* [ASSIGNMENT] Each line from the one bearing "Maison à SAINT-LEGER-SOUS-CHOLET, 49280" through the last line of the entries below should be returned exactly, with pictures left out.

* [RECORDED INFORMATION]
──────

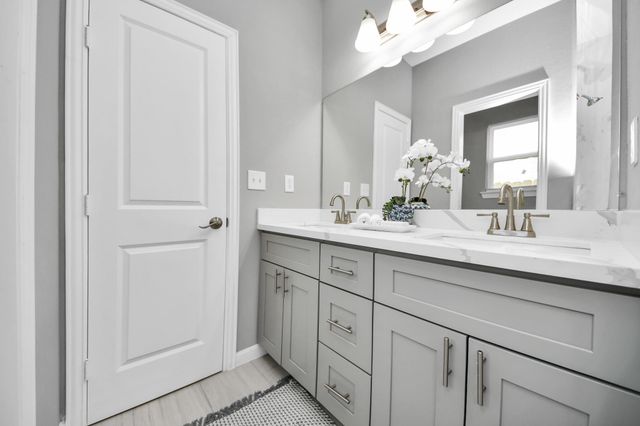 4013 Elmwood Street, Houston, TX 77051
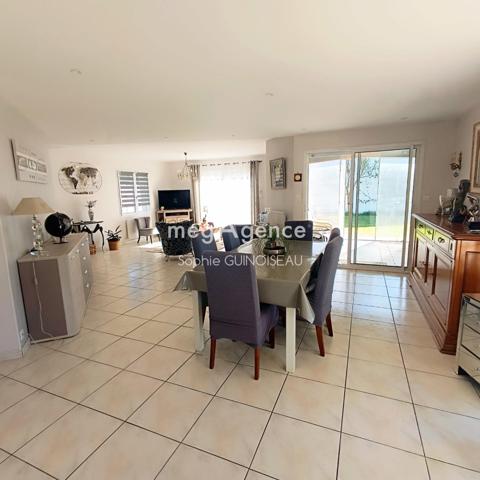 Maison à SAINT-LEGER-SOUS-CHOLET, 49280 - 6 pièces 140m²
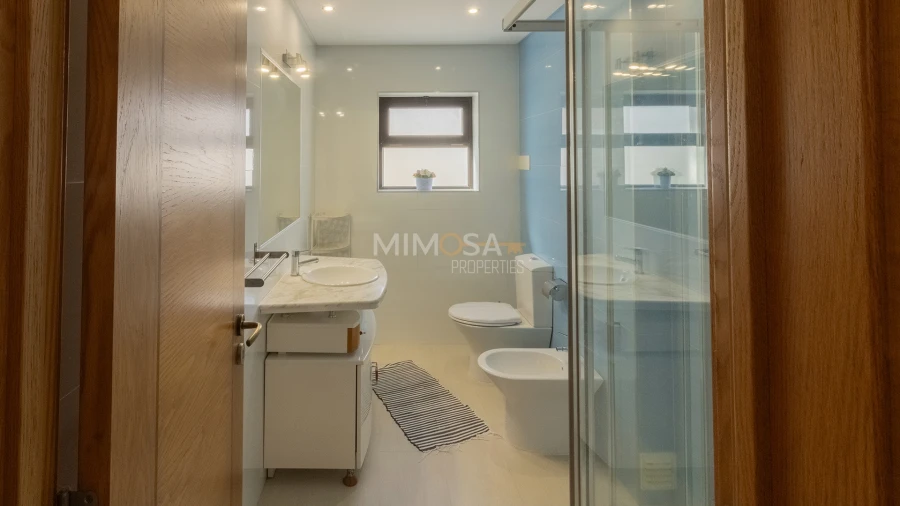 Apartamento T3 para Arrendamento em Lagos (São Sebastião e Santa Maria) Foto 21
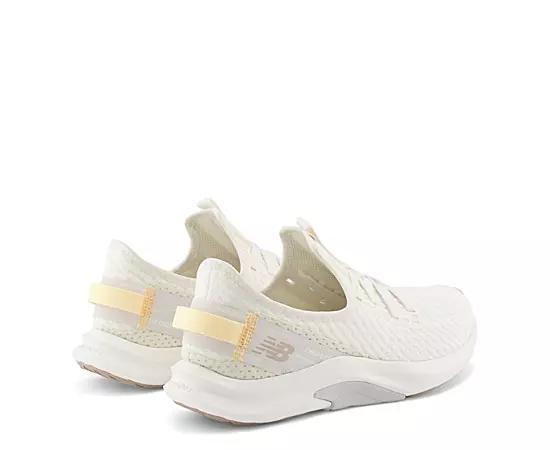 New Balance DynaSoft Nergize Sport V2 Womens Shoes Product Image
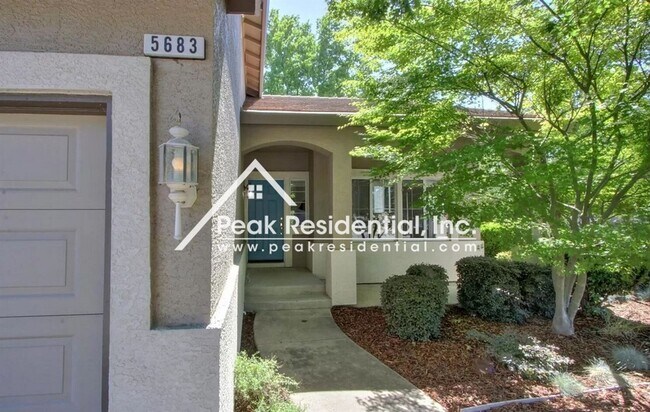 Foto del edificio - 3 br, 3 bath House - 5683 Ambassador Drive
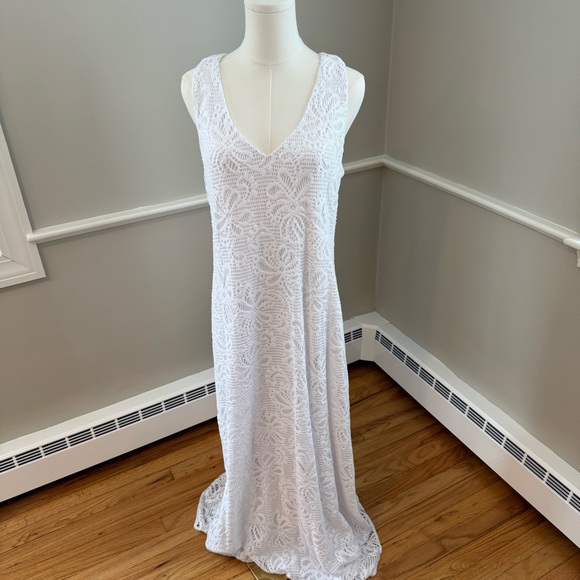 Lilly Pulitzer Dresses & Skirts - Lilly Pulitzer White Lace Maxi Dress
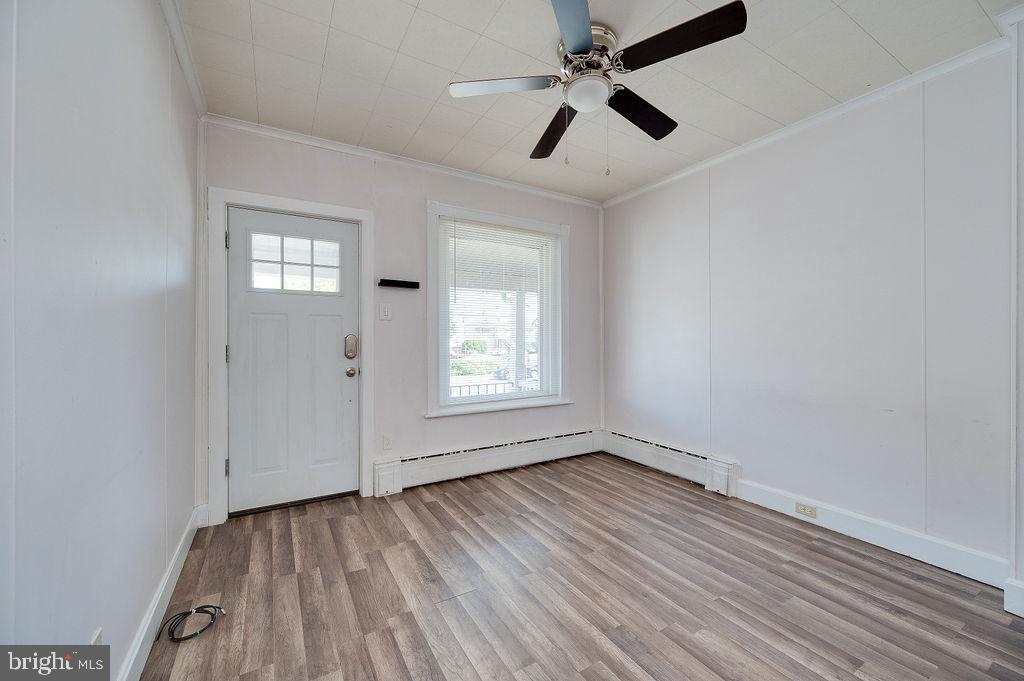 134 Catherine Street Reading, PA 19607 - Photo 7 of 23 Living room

──────

* [RESULT]
 Maison à SAINT-LEGER-SOUS-CHOLET, 49280 - 6 pièces 140m²
 Apartamento T3 para Arrendamento em Lagos (São Sebastião e Santa Maria) Foto 21
 New Balance DynaSoft Nergize Sport V2 Womens Shoes Product Image
 Foto del edificio - 3 br, 3 bath House - 5683 Ambassador Drive
 Lilly Pulitzer Dresses & Skirts - Lilly Pulitzer White Lace Maxi Dress
 134 Catherine Street Reading, PA 19607 - Photo 7 of 23 Living room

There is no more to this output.